Wowbagger wrote:Without sentience, there's no point of view. Things can only be good / bad *for* something experiencing it. Suffering is intrinsically awful by its very nature, that's an axiological truth. A world with less suffering is a better world.
That makes sense. One last question? Do you think suffering or (painless) death is worse?
What does it mean for something to deserve to have its welfare considered when making ethical decisions and resolving ethical dilemmas? Namely, it's the words deserve[/i and ethical that I think need to be defined. For instance, what's the difference between an ethical decision and a non-ethical (by this I do not mean unethical) one? I'm not really interested in some other person's definition or what a dictionary says or even what you think is the common meaning of these words because it is my position that in terms of the general lexicon these moral/ethical terms are very equivocal. Rather, I'm interested in what you meant when you said them in the previous posts.
In my definition? By ethical I meant: "a decision which has a moral obligation to choose one way over another". By deserve I meant something like "compelled to be given". e.g.
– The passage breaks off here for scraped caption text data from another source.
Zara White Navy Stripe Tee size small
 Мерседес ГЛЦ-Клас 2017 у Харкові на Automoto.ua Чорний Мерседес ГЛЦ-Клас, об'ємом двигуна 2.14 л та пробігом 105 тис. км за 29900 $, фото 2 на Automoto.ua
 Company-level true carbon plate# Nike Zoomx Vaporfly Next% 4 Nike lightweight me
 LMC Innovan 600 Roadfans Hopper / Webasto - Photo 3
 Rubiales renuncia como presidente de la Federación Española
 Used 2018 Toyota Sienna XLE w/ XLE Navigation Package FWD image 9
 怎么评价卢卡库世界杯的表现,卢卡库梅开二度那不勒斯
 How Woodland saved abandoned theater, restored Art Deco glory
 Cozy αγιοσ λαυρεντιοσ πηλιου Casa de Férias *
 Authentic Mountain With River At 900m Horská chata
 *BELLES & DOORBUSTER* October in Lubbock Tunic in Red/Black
The correct ethical framework implies that an actor is compelled to give certain things moral consideration.
I'm not really sure why your asking this, and therefor what kind of answer you're looking for, so I hope that helped.
So this is a subjective quality?
Moral consideration? I guess you could say that people assign it in different ways. The question was when does something [i]deserve moral consideration, implying that there is a right way to assign it. Which way is right (and whether or not there is a right way I guess) is left up to you, the person answering the question.